Mathematically we could write
$$\text{map} \colon (X \to Y) \times { X } \to { Y } \,.$$
In Haskell the signature of the function indeed is this:
map :: (a -> b) -> [a] -> [b]
In the Wolfram Language their Map also works the same way: function as the first argument, container as the second argument. Also in Python the map takes the function and then the iterable. Okay, C++ has std::transform, which takes a pair of input iterators, an output iterator and _then the transformation. But that is so weird to use that it does not really count in this comparison.
And then you have R which does not call it "map" but lapply
. And to make it
worse the argument order is different, so it takes the list _first and the
function _second. This is so irritating when I work on my projection
consisting of both Wolfram Language and R code that I routinely stumble across
this. The mapply
function takes the function as a first argument, and the
apply
function takes the function as the last argument. You can't make this
stuff up, except maybe if you are used to PHP.
Inclusive range
In Python and C++ the ranges to access sequences are inclusive at the beginning
and exclusive at the end. Also indices start from zero, but that is not so
important. If you in Python take seq[4:6]
, you get the elements with indices
4 and 5, but not 6. In R you would also get the element with index 6. Python's
range
function will also not give you the last element, so this matches
nicely.
I needed to traverse the upper triangle of a matrix. So I did this in R:
for (row in 1:size) { for (col in (row + 1):size) { i1 <- (row - 1) * size + col i2 <- (col - 1) * size + row # … }
}
The size
is the number of rows and columns in the square matrix. If size
is
3, then 1:size
is 1:3
and that is the sequence 1, 2, 3. But when row
has
the last value, 3, this gives a problem in the next line. We have
(row + 1):size
, which evaluates to 4:3
. In Python the range(11, 10)
would
just give an empty sequence. But in R it gives 4, 3!. That means that we access
elements that should not be there in the first place.

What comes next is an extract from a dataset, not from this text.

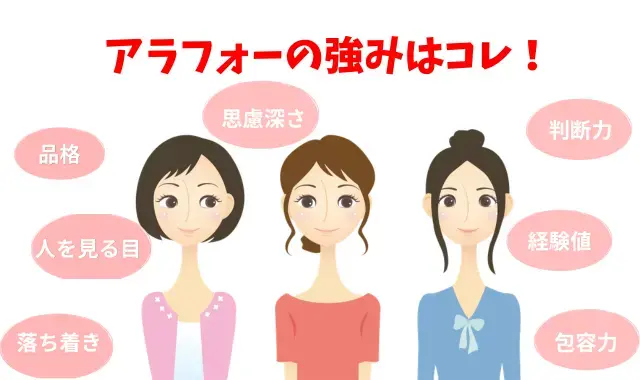 広尾の結婚相談所 belle avance ベルアヴァンセ「アラフォー独身の羨ましい婚活│メリット３選」- 2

We therefore need to fix the first row such that we stop one element earlier.
for (row in 1:(size - 1)) { for (col in (row + 1):size) { i1 <- (row - 1) * size + col i2 <- (col - 1) * size + row # … }
}
This fixes that issue, but we now have a problem if size
is just 1. Then
row
will be in the sequence 1, 0, which will get incorrect indices as well.
Therefore one needs another fix here.
if (size > 1) { for (row in 1:(size - 1)) { for (col in (row + 1):size) { i1 <- (row - 1) * size + col i2 <- (col - 1) * size + row # … } }
}
So although the inclusive indexing in R is supposed to make it easier for people to think about ranges, it leads to more cumbersome code than it would in C++ or Python.